Giving Thanks for Our Pioneers


The original pioneers of Niverville, of both British and Mennonite ancestry, inspired many other groups to settle the prairies by demonstrating its enormous agricultural potential. The hardiness and determination of these early settlers, many coming from a harsh environment in Russia, ensured that this unforgiving land would be transformed into a place from which livelihoods could be wrested, in spite of the challenges.

In later years, these generous settlers sent grain in relief to others suffering from famine in Russia. Niverville’s history includes contributions by many groups, including the French settlers, the Métis, and the Scottish in addition to the British and the Mennonites. Niverville today has become a culturally diverse and open community.

We often take for granted that the blessings we enjoy today were made possible by the sacrifices and investments of others. In the words of Benjamin Wallace, from a sermon he delivered at the First Unitarian Church in Omaha five years ago, “We build on foundations we did not lay. We warm ourselves at fires that we did not light. We sit in the shade of trees that we did not plant. We drink from wells that we did not dig. We partake of crops that we did not plant. We profit from persons before us that we have never met. We are ever bound to those who have gone before us.”

Were our ancestors perfect? Not by any means. There is also a dark side to every history. Some have memories of abuse and violence that went on in their homes. Do we deny that those things happened? No, but we deny their right to rule our lives today, or to determine our future.

One of the best ways to be healed of painful memories is to be grateful, to be thankful for the good things we have received from our ancestors. Without them, we would not even be here today, and without them we would not be as far along on our journey as we presently are.

Thanksgiving focuses our minds upon the true, the lovely, and the praiseworthy. Gratitude is a function of our attention, and can be cultivated through choosing our thoughts and reactions wisely. If we would be more thoughtful, we would be more thankful.

Our deepest sense of gratitude comes through the grace of God, with the awareness that we have not earned, nor do we deserve, all that we have been given. Blaming and complaining keeps us stuck in past offences, and keeps us from moving forward into our future destiny.

So, do we give thanks for some things but complain about others?
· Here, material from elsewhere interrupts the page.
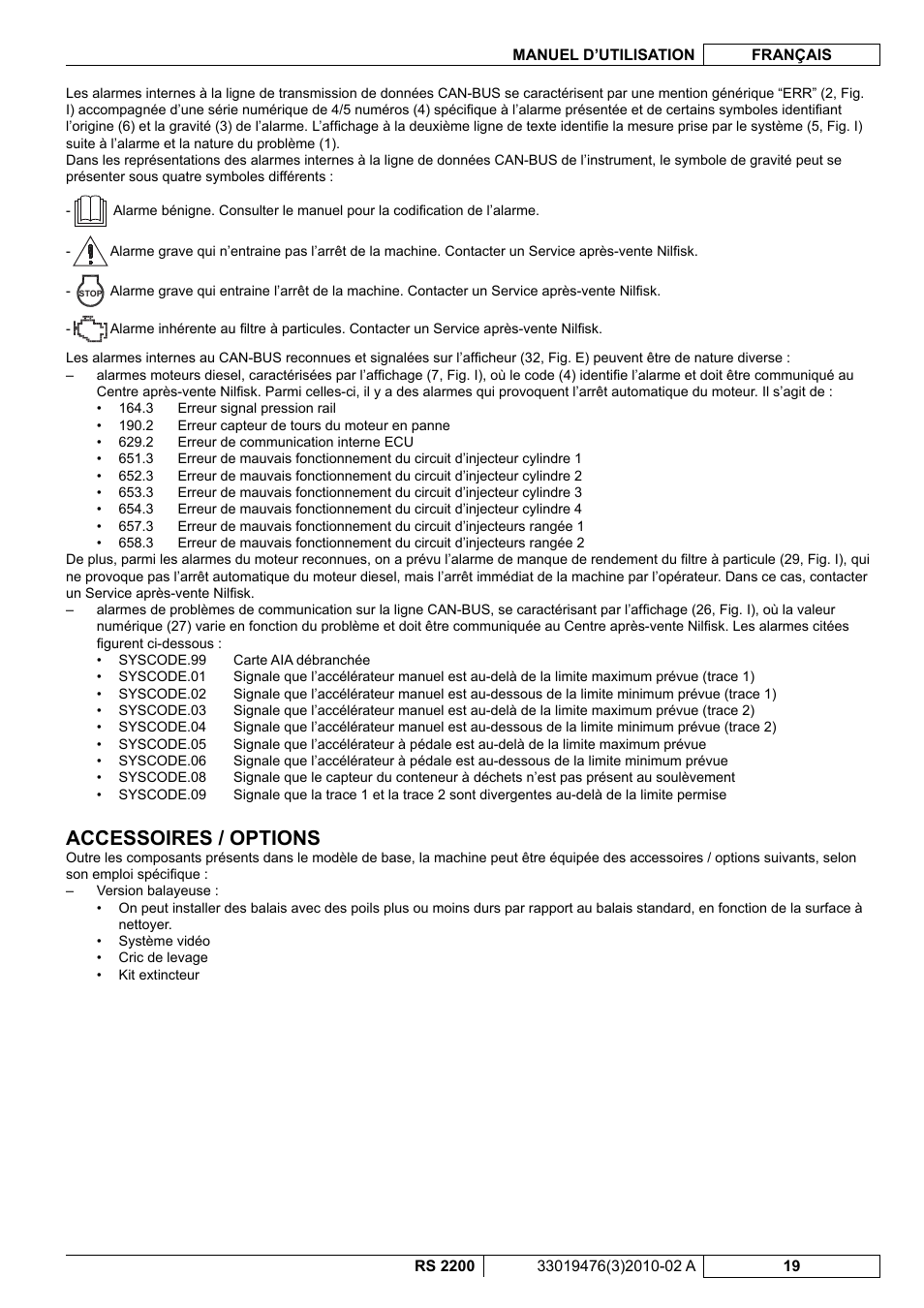 Accessoires / options | Nilfisk-ALTO RS 2200 User Manual | Page 91 / 224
Or do we give thanks for everything? I am not thankful that my father verbally abused me as a boy, but I am thankful that his verbal attacks only deepened my faith, and strengthened my inner spirit to rise above hurts, insults, and offences. I came to realize that deep down, my father really did love me, even though he didn’t always know how to express it because of the emotional wounds that he himself had received from his alcoholic father.

To break this generational cycle, we must start to be grateful for the good things we have received. Without our parents, we would not even be alive! In our deepest parts, we all have the same longings to love and to be loved, and to be understood in the heart and the mind of another. The truth is that we are loved, and we are destined to return to the Father who loved us from before the beginning of time. 

He has a purpose and a plan for our lives to make a difference in this world by transforming ashes into something beautiful, mourning into joy, a spirit of heaviness into a garment of praise and thanksgiving, cursing into blessing, and death into life. 

Thanksgiving is a lifestyle that we choose while we learn from the past and yearn for the future!